- Requirement: The data below holds the lines to copy: everything from the line containing "Pink Velvet Hangers" to the line containing "Cap Vert Messenger", both ends included, set down exactly.

- Material provided:
= = = =

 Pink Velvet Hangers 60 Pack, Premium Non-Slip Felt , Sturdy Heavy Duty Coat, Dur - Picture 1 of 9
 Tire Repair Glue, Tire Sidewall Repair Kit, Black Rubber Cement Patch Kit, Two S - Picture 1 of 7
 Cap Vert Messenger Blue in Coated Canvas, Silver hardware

= = = =

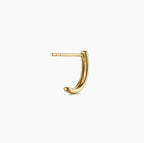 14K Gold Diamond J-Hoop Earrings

= = = =

- Solution below:
 Pink Velvet Hangers 60 Pack, Premium Non-Slip Felt , Sturdy Heavy Duty Coat, Dur - Picture 1 of 9
 Tire Repair Glue, Tire Sidewall Repair Kit, Black Rubber Cement Patch Kit, Two S - Picture 1 of 7
 Cap Vert Messenger Blue in Coated Canvas, Silver hardware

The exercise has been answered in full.